== EXERCISE INPUTS ==

━━━━━━

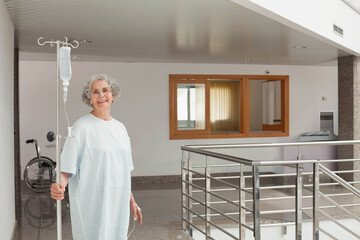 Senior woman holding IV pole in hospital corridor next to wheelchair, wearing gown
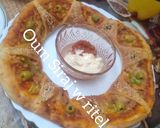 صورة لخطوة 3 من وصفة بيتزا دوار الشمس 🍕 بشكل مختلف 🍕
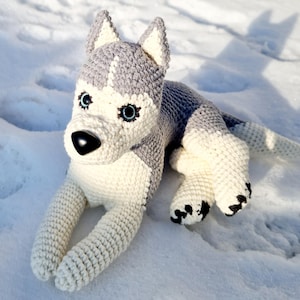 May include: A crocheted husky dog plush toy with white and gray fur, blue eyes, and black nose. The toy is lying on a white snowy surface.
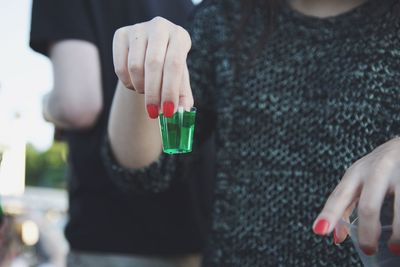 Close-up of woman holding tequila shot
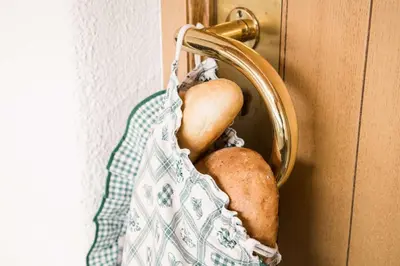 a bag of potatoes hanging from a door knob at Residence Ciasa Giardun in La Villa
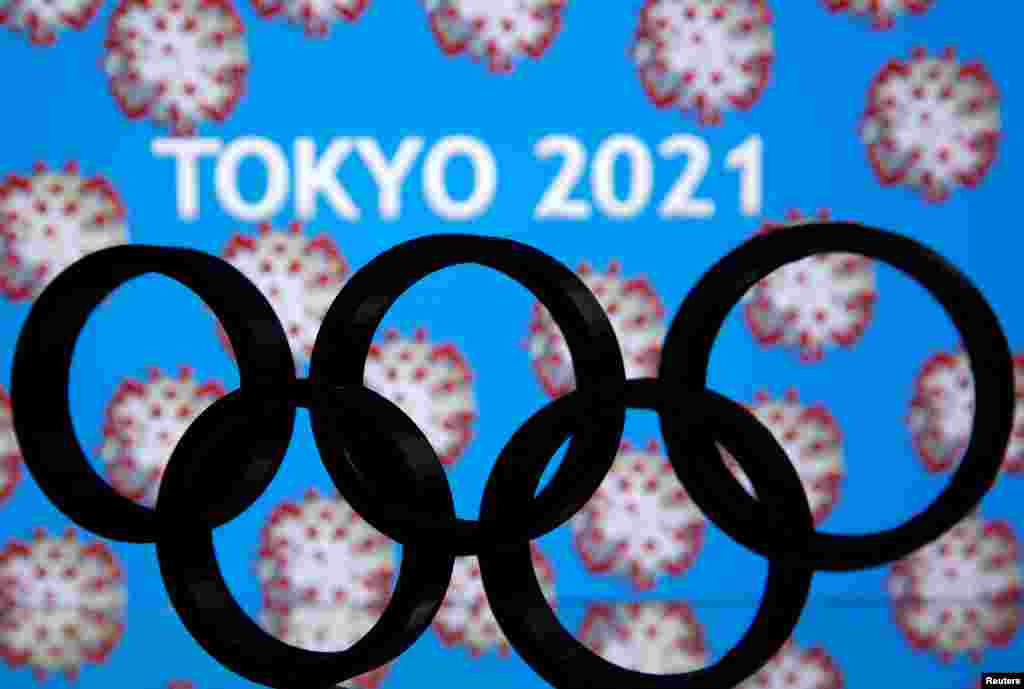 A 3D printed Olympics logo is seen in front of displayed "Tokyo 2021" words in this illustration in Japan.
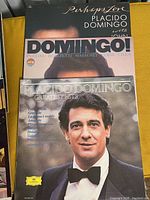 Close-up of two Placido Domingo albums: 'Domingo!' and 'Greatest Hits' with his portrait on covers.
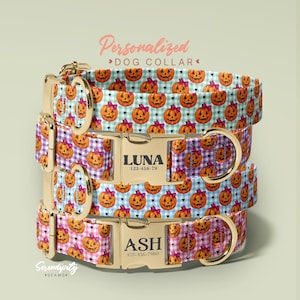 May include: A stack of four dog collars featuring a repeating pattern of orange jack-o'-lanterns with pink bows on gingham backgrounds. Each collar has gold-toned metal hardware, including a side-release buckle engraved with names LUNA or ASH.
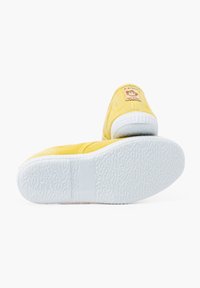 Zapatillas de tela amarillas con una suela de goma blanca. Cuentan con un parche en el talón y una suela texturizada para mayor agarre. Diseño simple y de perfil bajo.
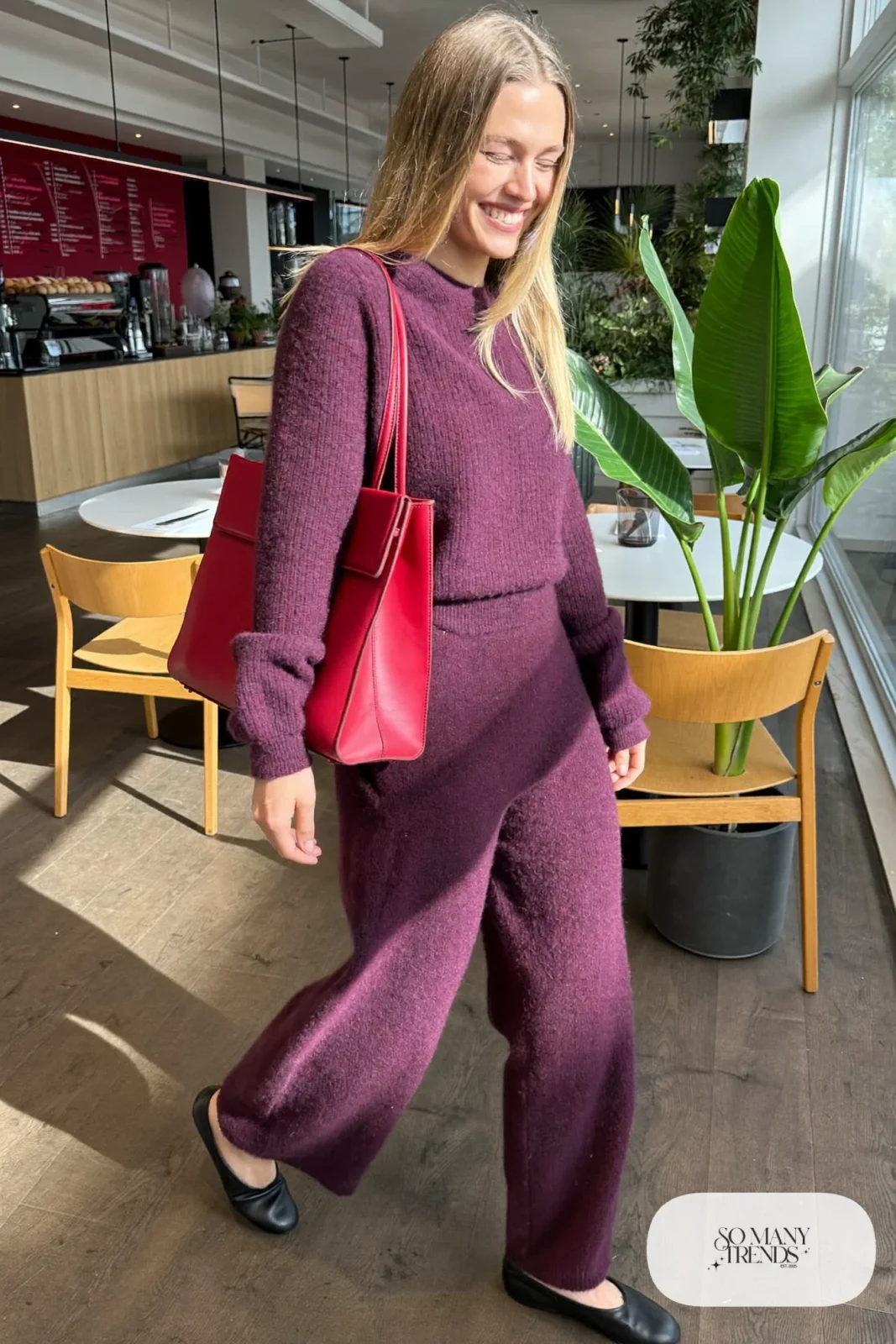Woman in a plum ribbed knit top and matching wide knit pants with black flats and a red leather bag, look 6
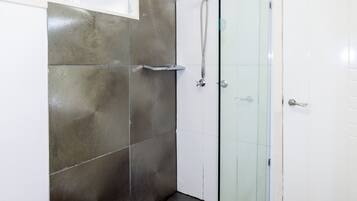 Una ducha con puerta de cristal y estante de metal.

━━━━━━

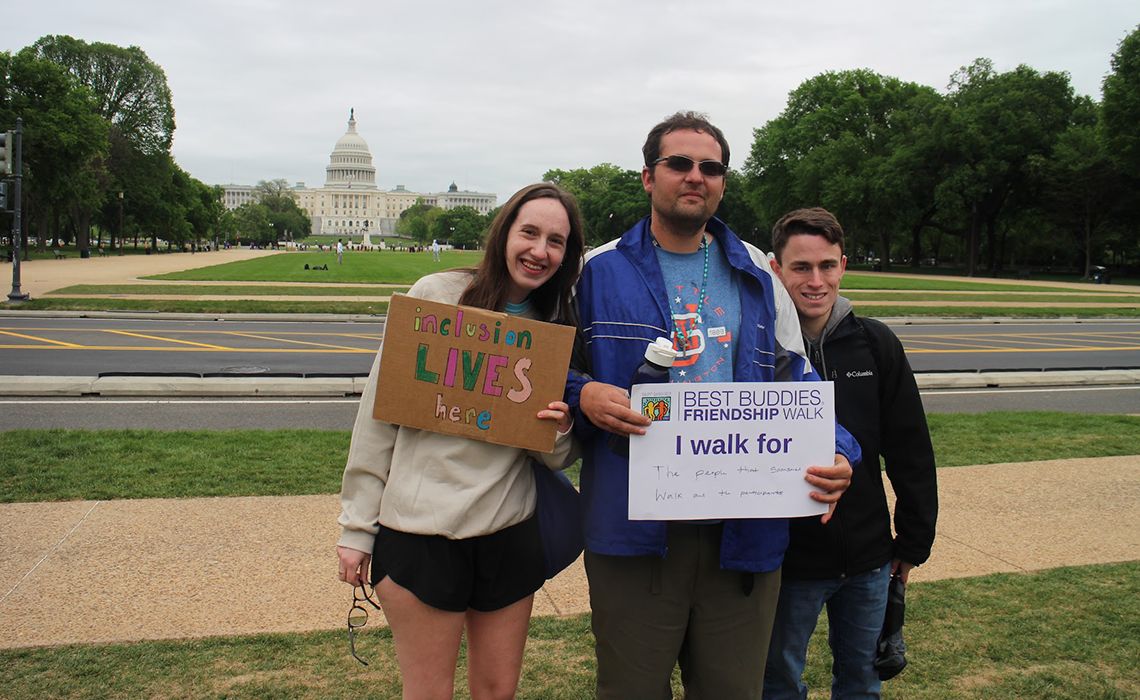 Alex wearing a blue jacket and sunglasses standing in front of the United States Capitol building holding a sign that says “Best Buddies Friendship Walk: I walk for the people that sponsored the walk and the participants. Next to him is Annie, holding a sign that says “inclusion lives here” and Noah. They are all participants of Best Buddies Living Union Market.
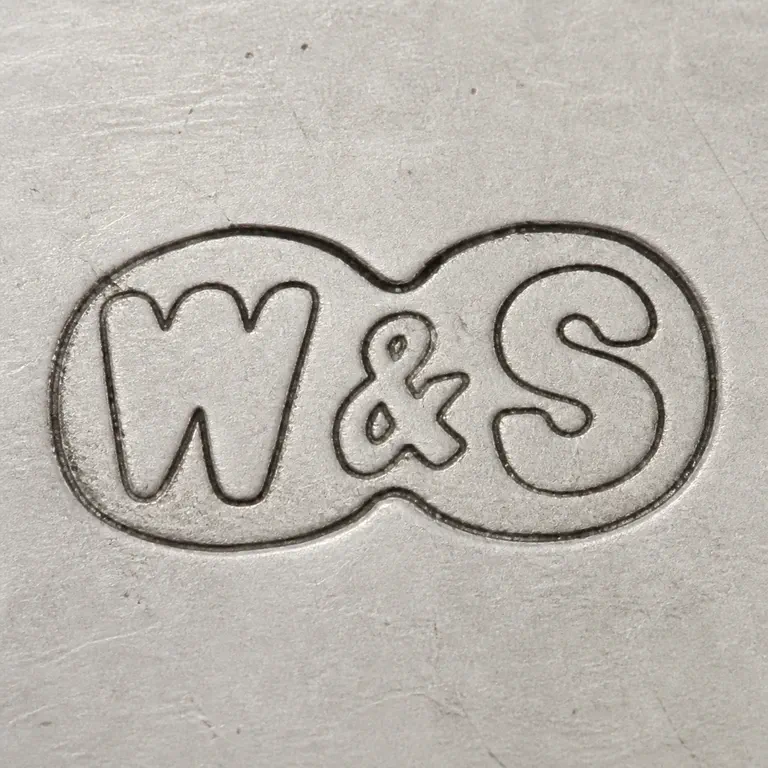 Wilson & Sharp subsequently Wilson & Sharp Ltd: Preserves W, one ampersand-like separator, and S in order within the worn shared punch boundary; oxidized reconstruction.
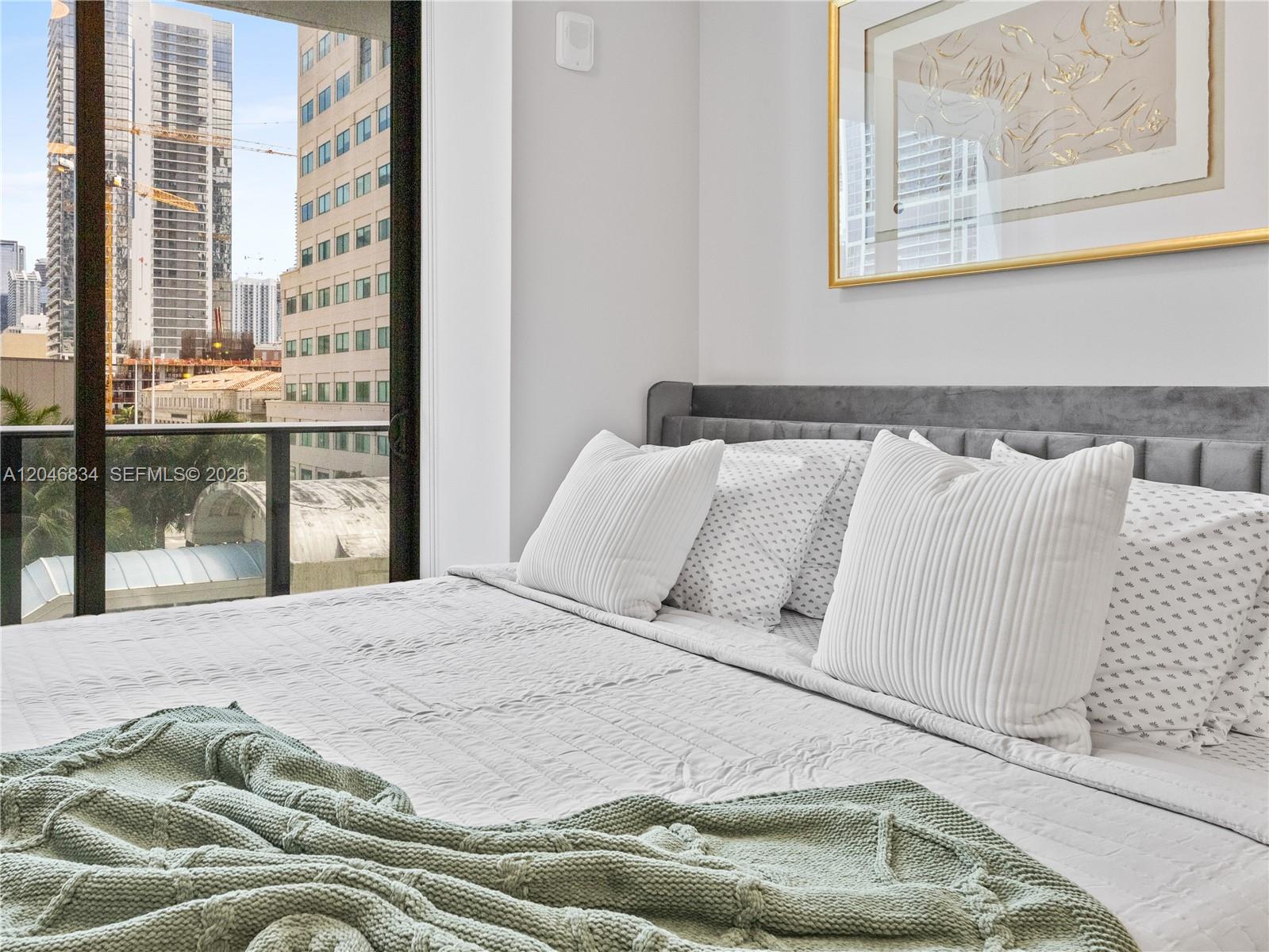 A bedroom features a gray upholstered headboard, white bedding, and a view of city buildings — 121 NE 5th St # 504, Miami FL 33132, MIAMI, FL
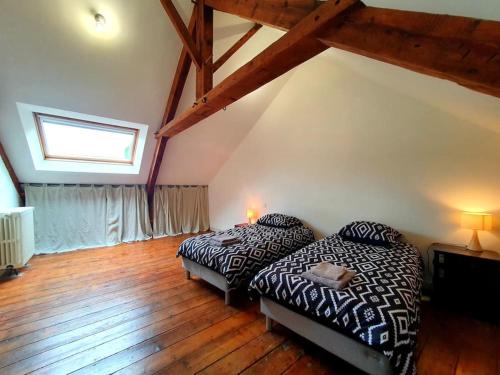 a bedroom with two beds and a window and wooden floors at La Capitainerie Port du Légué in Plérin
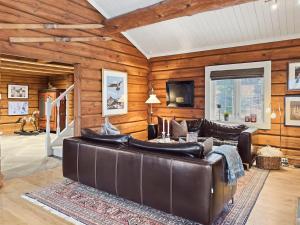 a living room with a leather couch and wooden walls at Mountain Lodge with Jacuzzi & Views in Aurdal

━━━━━━

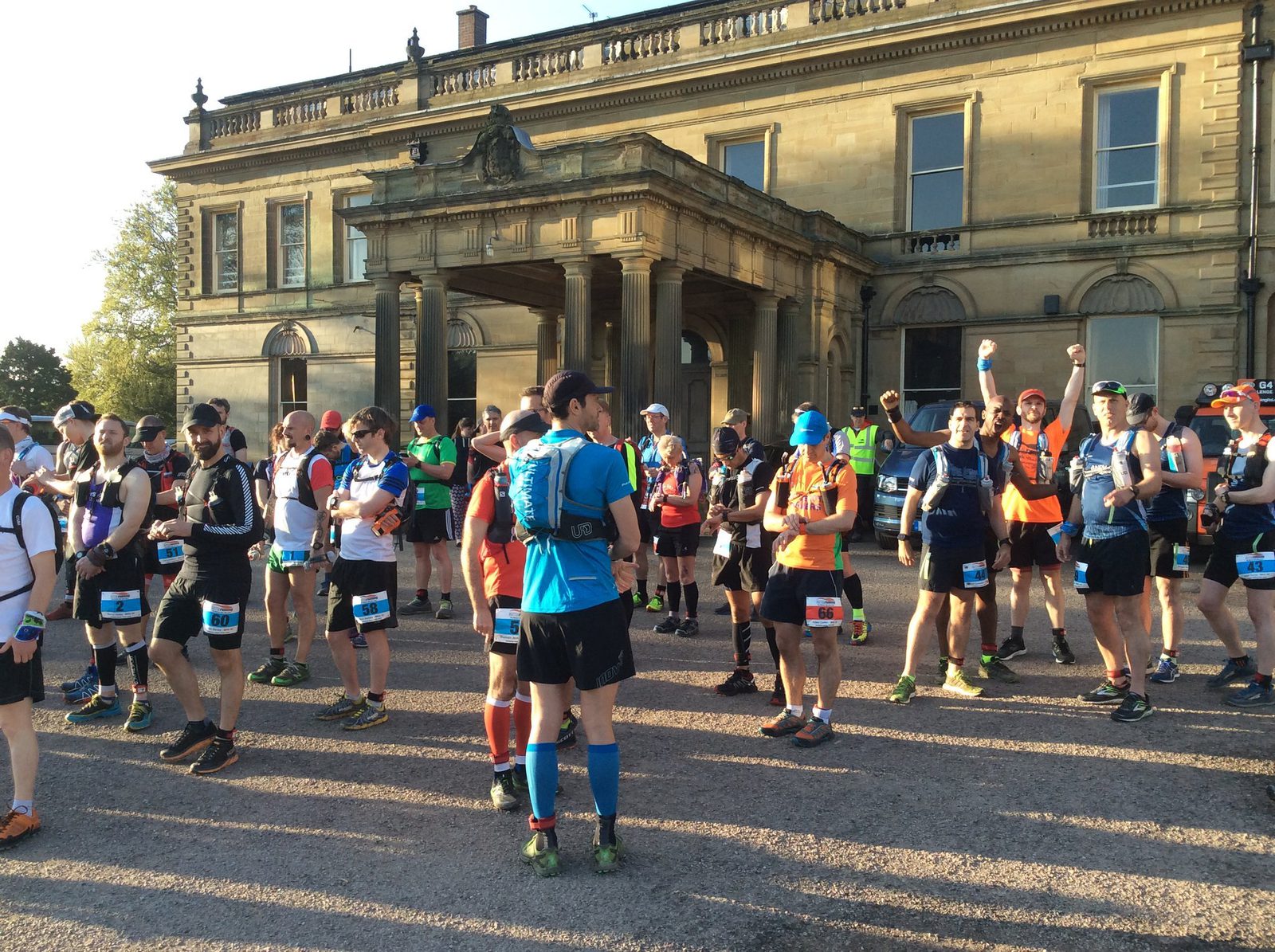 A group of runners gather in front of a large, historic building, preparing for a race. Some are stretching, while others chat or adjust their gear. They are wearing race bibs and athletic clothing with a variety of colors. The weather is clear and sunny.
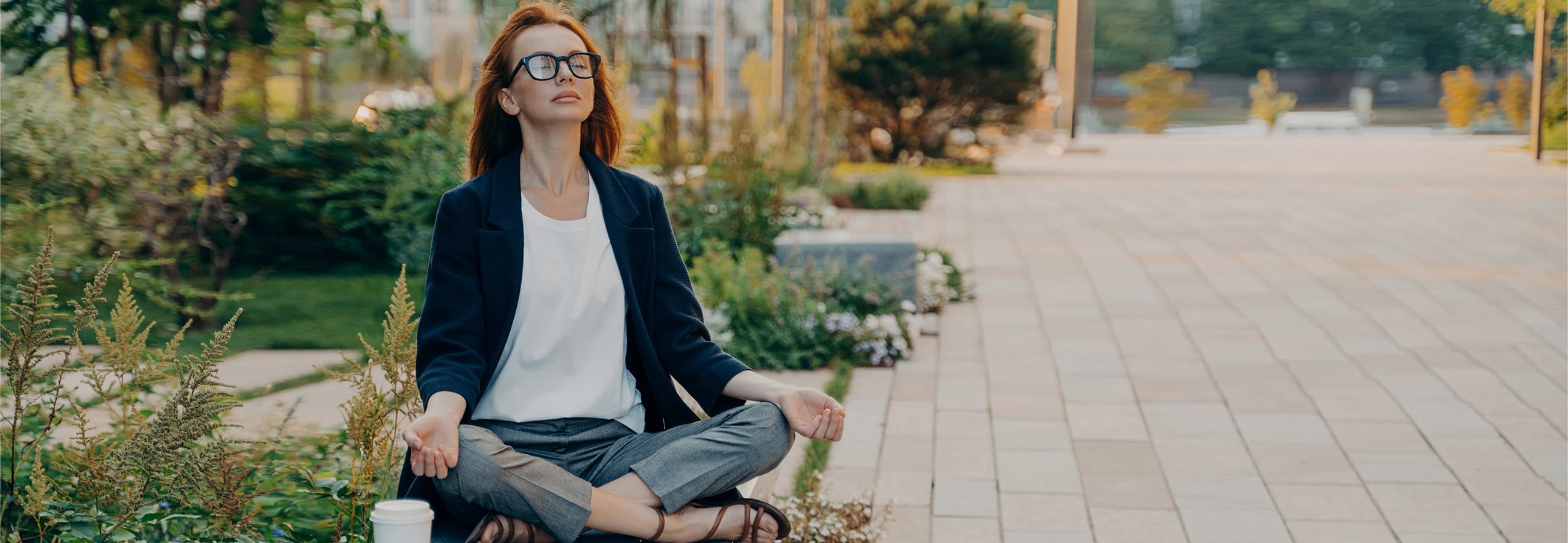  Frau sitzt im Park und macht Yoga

━━━━━━

== TASK DIRECTIONS ==
Take the material above from the line bearing "Close-up of two" through the line bearing "Zapatillas de tela" and write it out exactly, both end lines included. Pictures stay out.

== RESPONSE AREA ==
 Close-up of two Placido Domingo albums: 'Domingo!' and 'Greatest Hits' with his portrait on covers.
 May include: A stack of four dog collars featuring a repeating pattern of orange jack-o'-lanterns with pink bows on gingham backgrounds. Each collar has gold-toned metal hardware, including a side-release buckle engraved with names LUNA or ASH.
 Zapatillas de tela amarillas con una suela de goma blanca. Cuentan con un parche en el talón y una suela texturizada para mayor agarre. Diseño simple y de perfil bajo.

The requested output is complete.